Financiële verordening Veiligheids- en Gezondheidsregio Gelderland-Midden 2024

Geldend van 10-09-2025 t/m heden met terugwerkende kracht vanaf 01-01-2024

Intitulé

Financiële verordening Veiligheids- en Gezondheidsregio Gelderland-Midden 2024

Het algemeen bestuur van de Veiligheids-en Gezondheidsregio Gelderland-Midden:

gezien het voorstel van het dagelijks bestuur van de Veiligheids- en Gezondheidsregio Gelderland-Midden;

gelet op artikel 212 Gemeentewet en de Wet gemeenschappelijke regelingen;

gelet op het bepaalde in de Gemeenschappelijke Regeling Veiligheids- en Gezondheidsregio Gelderland-Midden

besluit in te trekken:

de “Verordening op de uitgangspunten voor het financieel beleid, alsmede voor het financieel beheer en voor de inrichting van de financiële organisatie van de Veiligheids- en Gezondheidsregio Gelderland-Midden” (Financiële verordening Veiligheids- en Gezondheidsregio Gelderland-Midden 2023).

en vast te stellen:

de “Verordening op de uitgangspunten voor het financieel beleid, alsmede voor het financieel beheer en voor de inrichting van de financiële organisatie van de Veiligheids- en Gezondheidsregio Gelderland-Midden” (Financiële verordening Veiligheids- en Gezondheidsregio Gelderland-Midden 2024).

Artikel 1. Definities

In deze verordening wordt verstaan onder:

  • a.

    dienst:

de organisatorische eenheid, die als zodanig een eigen rechtstreekse verantwoordelijkheid aan het dagelijks bestuur heeft.

  • b.

    administratie:

het systematisch verzamelen, vastleggen, verwerken en verstrekken van informatie ten behoeve van het besturen, het functioneren en het beheersen van (onderdelen van) de organisatie van de Veiligheids- en Gezondheidsregio Gelderland-Midden en ten behoeve van de verantwoording die daarover moet worden afgelegd.

  • c.

    financiële administratie:

het onderdeel van de administratie dat omvat het systematisch maken en verwerken van aantekeningen betreffende de financiële gegevens van (onderdelen van) de organisatie van de Veiligheids- en Gezondheidsregio Gelderland-Midden, teneinde te komen tot een goed inzicht in:

  • 1.

    de financieel-economische positie;

  • 2.

    het financiële beheer;

  • 3.

    de uitvoering van de begroting;

  • 4.

    het afwikkelen van vorderingen en schulden;

  • 5.

    alsmede tot het afleggen van rekening en verantwoording daarover.

  • d.

    administratieve organisatie:

het stelsel van organisatorische maatregelen gericht op het tot stand brengen en het in stand houden van de goede werking van de bestuurlijke en ambtelijke informatieverzorging ten behoeve van de verantwoordelijke leiding.

  • e.

    financieel beheer:

het uitoefenen van bestuur over en toezicht op het beheer van middelen en het uitoefenen van rechten van de Veiligheids- en Gezondheidsregio Gelderland-Midden.

  • f.

    rechtmatigheid

het in overeenstemming zijn met geldende wet- en regelgeving, waaronder mede verordeningen en besluiten van het Algemeen bestuur en besluiten van het dagelijks bestuur.

  • g.

    doelmatigheid

het realiseren van bepaalde prestaties met een zo beperkt mogelijke inzet van middelen.

  • h.

    doeltreffendheid

de mate waarin de beoogde maatschappelijke effecten van het beleid ook daadwerkelijk worden behaald.

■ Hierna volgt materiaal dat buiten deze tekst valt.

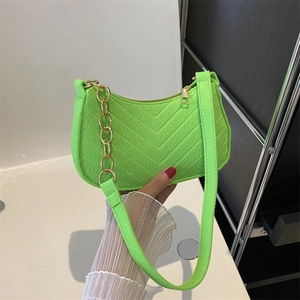 Neon green crescent shoulder bag with V-shaped quilting and gold metal chain strap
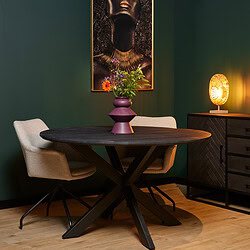 Grote houten eettafel met zwarte metalen X-poten, beige gestoffeerde lounge stoelen, kleurrijke bloemenvaas en sfeervolle lamp op een donkerhouten buffetkast in een moderne interieurstijl.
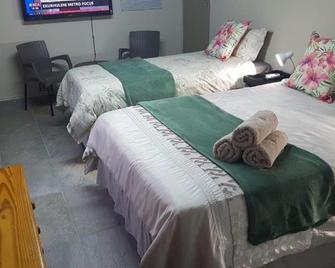 Nkwasi Lodge - Parys - Bedroom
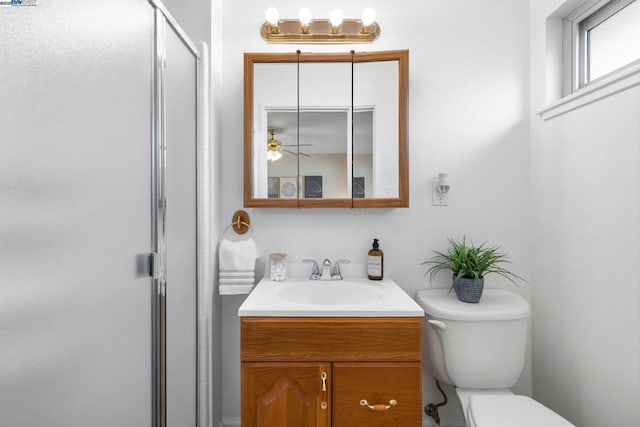 bathroom with vanity, toilet, and walk in shower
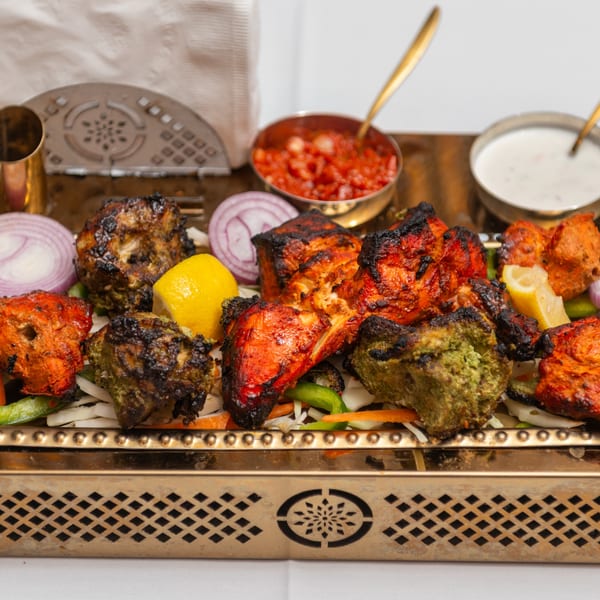 Assorted Indian tandoori chicken tikka, with red onions, lemon, and dipping sauces on a gold tray.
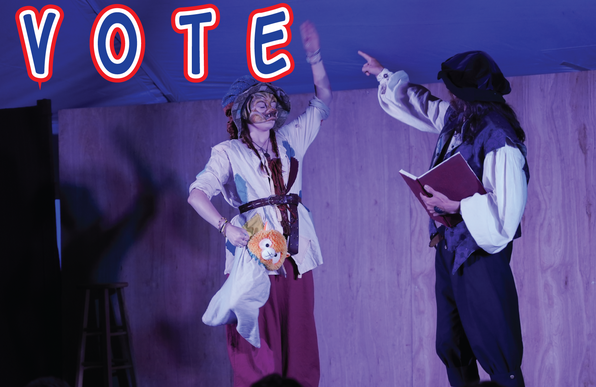 Two actors perform a commedia dell'arte play in a pavilion tent during a medieval camping event portraying the stock characters of Arlecchino taking instructions from il Dottore. The word "VOTE" in red, white, and blue is superimposed above them into the image.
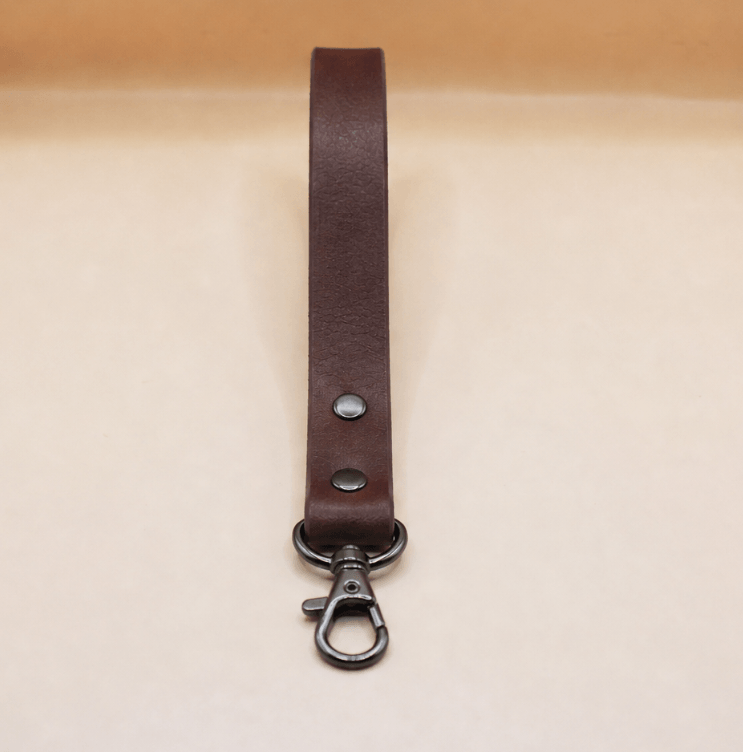 A brown leather strap with a metal clasp and hook attached to it.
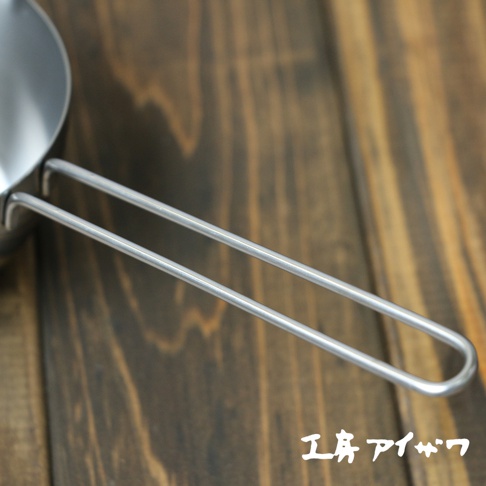 不鏽鋼長柄量杯，銀色，具有兩個平行的長柄，放在木質背景上。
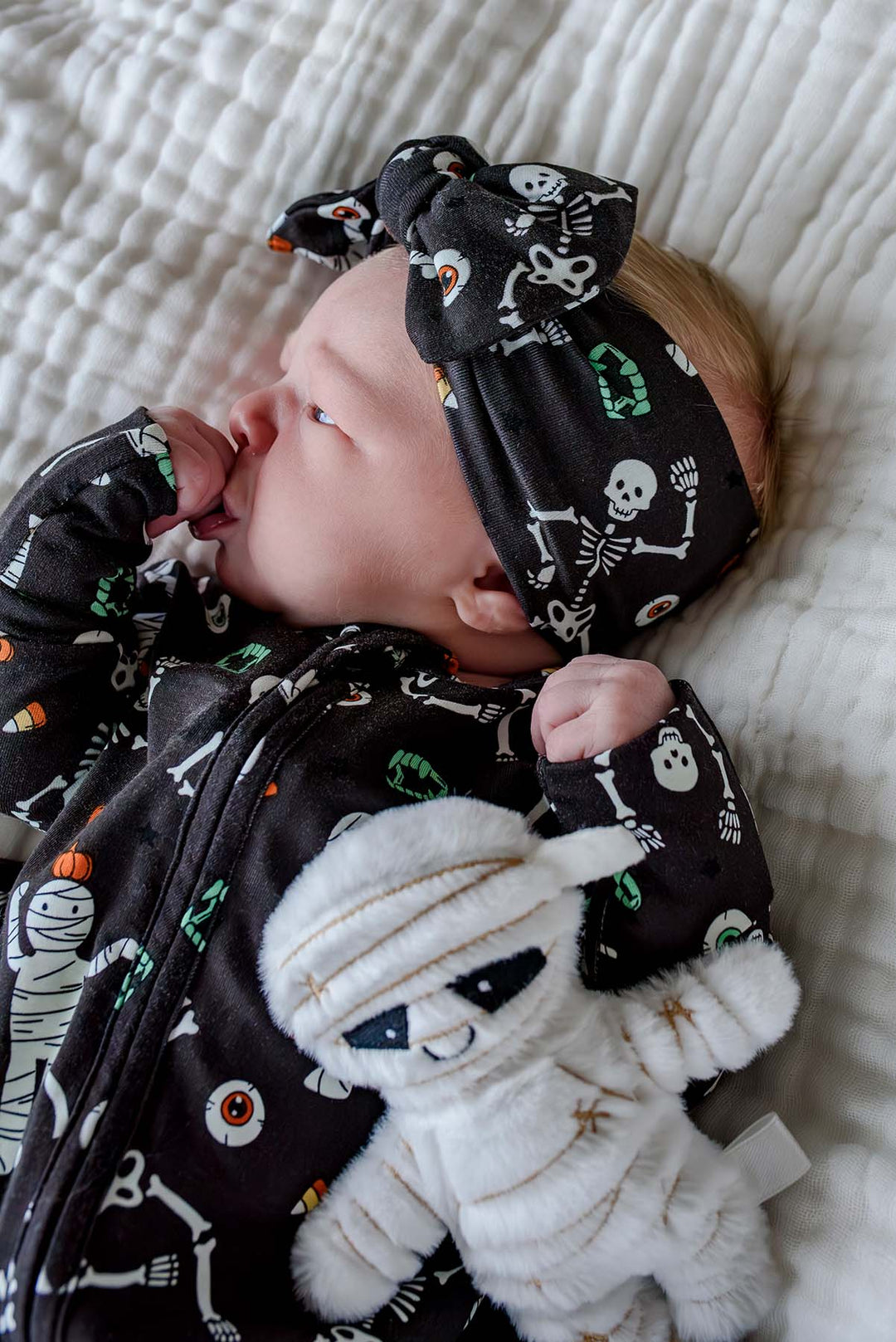 Newborn wearing a Caden Lane black skeleton and mummy print footie with matching bow headband, lying on the coordinating blanket and holding a plush mummy toy.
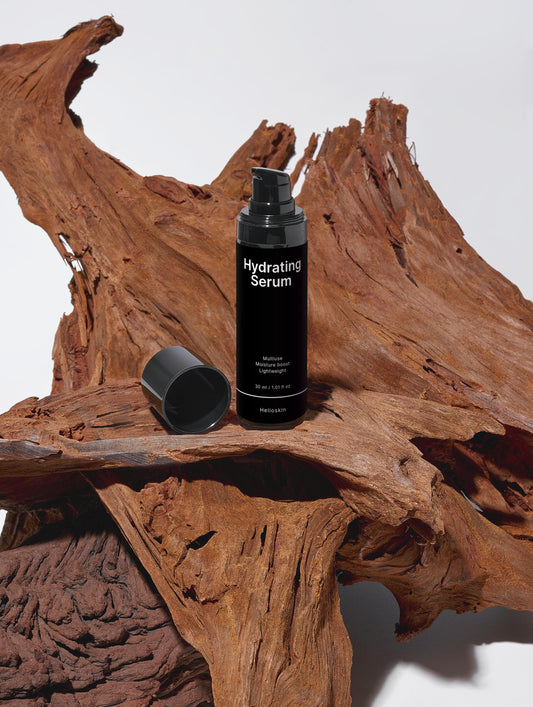 Black hydrating serum bottle on a wooden surface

Titel 1. Begroting en verantwoording

Kaderstellen

Artikel 2. Programmabegroting per productcluster

  • 1. Het algemeen bestuur stelt in ieder geval bij de aanvang van de nieuwe raadsperiode een programma-indeling (i.c. productcluster) vast.

  • 2. Het algemeen bestuur stelt per programma vast:

    • a.

      de beoogde maatschappelijke effecten;

    • b.

      de te leveren goederen en diensten;

    • c.

      de baten en lasten.

  • 3. Het dagelijks bestuur stelt per programma indicatoren voor met betrekking tot de beoogde maatschappelijke effecten en de te leveren goederen en diensten.

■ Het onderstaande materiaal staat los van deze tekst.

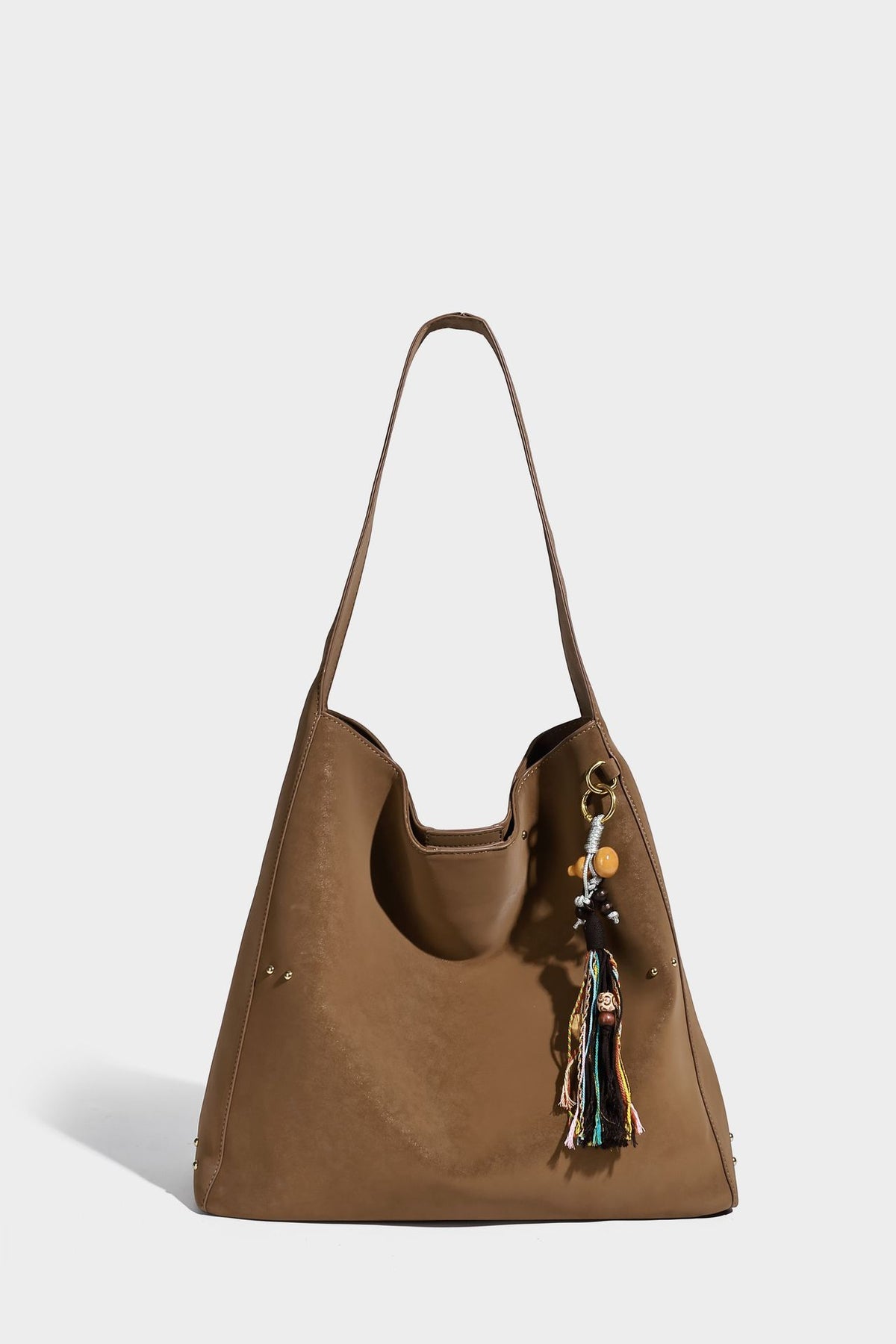 Oversized trapezoid tote bag with matte leather-look finish, gold-tone rivets, and long shoulder strap, detail view 11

  • 4. Het algemeen bestuur stelt de indicatoren, bedoeld in het derde lid, vast.

  • 5. Het dagelijks bestuur draagt zorg voor het verzamelen en vastleggen van gegevens over de geleverde goederen en diensten en de maatschappelijke effecten, opdat de doelmatigheid en doeltreffendheid van het beleid zoals vastgesteld door het algemeen bestuur, kunnen worden getoetst.

Artikel 3. Producten

  • 1. Bij iedere begroting en jaarstukken wordt een overzicht gegeven van de toedeling van de producten uit de productraming aan de programma’s.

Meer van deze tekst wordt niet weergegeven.